I took things from her that I didn’t deserve. She gave those things to me, and I knew she regretted that decision now.

And that was what hurt the most out of all of this. Allie had given me her body, her trust, she had given me things that she hadn’t ever given to anyone else, and I ruined every bit of it.

And even though I wanted to kill both Eli and Lucas, I knew that it was my fault. I could blame them all I wanted but everything that happened between Allie and me was my fault. I knew that fact as well as she did.

Because Allie hadn’t even looked at Eli after she found out. His betrayal hadn’t bothered her at all. It was me and my lies that had broken her. It was me and my lies that had fucked everything up.

I would always fuck everything up when it came to her. That was who I was. Eli may not have been good enough for her, but neither was I.

“What are you doing?” Beck tossed his bag down on the bench before opening his own locker and pulling out his gear.

“Just getting ready for practice.” I pulled on my cleats and tried to focus on tying the laces. I tried to focus on anything other than the repetitive what-ifs that ran through my head. “Where’s Olly?”

“I don’t know.” Beck threw his button-down into the locker before pulling an old t-shirt over his head. “He’s been a bit distant lately. I think something might be going on with him.”

I winced because, who the hell didn’t have something going on at this point? But also, because I knew that the only thing Olly wanted to have going on was something with Frankie, and that was never going to happen. “Hopefully he’s just getting laid or something.”

“I was hoping that you’d be the one getting laid.” Beck pulled his cleats out of his locker and sat down beside me. “You’ve been in a bad fucking mood.”
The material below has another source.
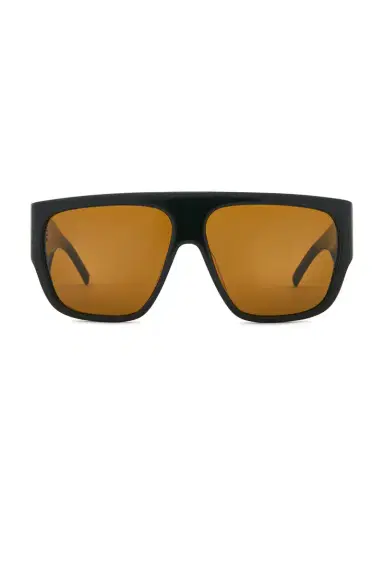 St. Agni Linea Oversized Sunglasses | Thumbnail 1 St. Agni Linea Oversized Sunglasses | Thumbnail 1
“Yeah. I’m aware.” I looked over at my best friend and part of me just wanted to unload everything on him, but this wasn’t the time or the place. And I wasn’t sure if I was willing to let Beck or Olly in on all the shit I had going on in my head. “But I don’t really think getting laid is the answer right now.”

“Since when?” Beck looked at me, really looked at me, and I knew that he was trying to figure out what was going through my head. Beck always knew when something was off with me. “You know if you fuck things up further with Allie that the girls are going to kill you, right?”